Task item:
Copy out exactly, from the entries that follow, the line holding "magnesium, chlorine, sulfur and phosphorus.", the line holding "El Super San", and all lines between them, but no pictures.
Input records START
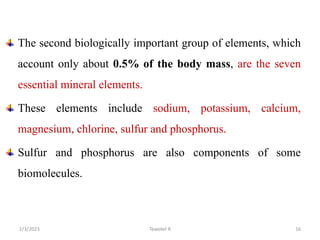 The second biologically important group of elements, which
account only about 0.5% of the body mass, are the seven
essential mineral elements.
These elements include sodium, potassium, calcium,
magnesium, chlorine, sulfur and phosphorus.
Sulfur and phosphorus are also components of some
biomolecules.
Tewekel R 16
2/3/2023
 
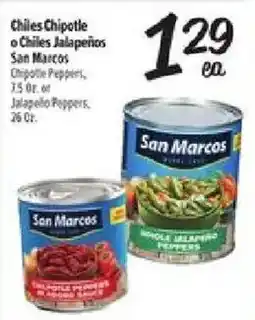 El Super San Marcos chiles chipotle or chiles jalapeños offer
Input records END
Input records START
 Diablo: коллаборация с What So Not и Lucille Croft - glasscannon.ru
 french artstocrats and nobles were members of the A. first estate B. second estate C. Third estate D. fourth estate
Input records END
Input records START
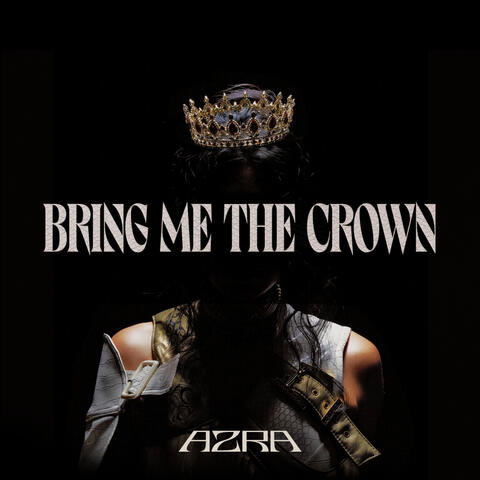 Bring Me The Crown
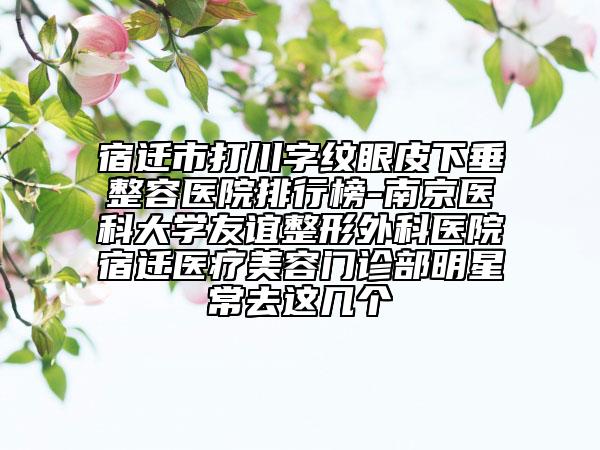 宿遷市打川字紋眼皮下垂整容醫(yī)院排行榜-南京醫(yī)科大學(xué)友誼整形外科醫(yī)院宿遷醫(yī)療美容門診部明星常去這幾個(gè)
Input records END
Result below:
magnesium, chlorine, sulfur and phosphorus.
Sulfur and phosphorus are also components of some
biomolecules.
Tewekel R 16
2/3/2023
 
 El Super San Marcos chiles chipotle or chiles jalapeños offer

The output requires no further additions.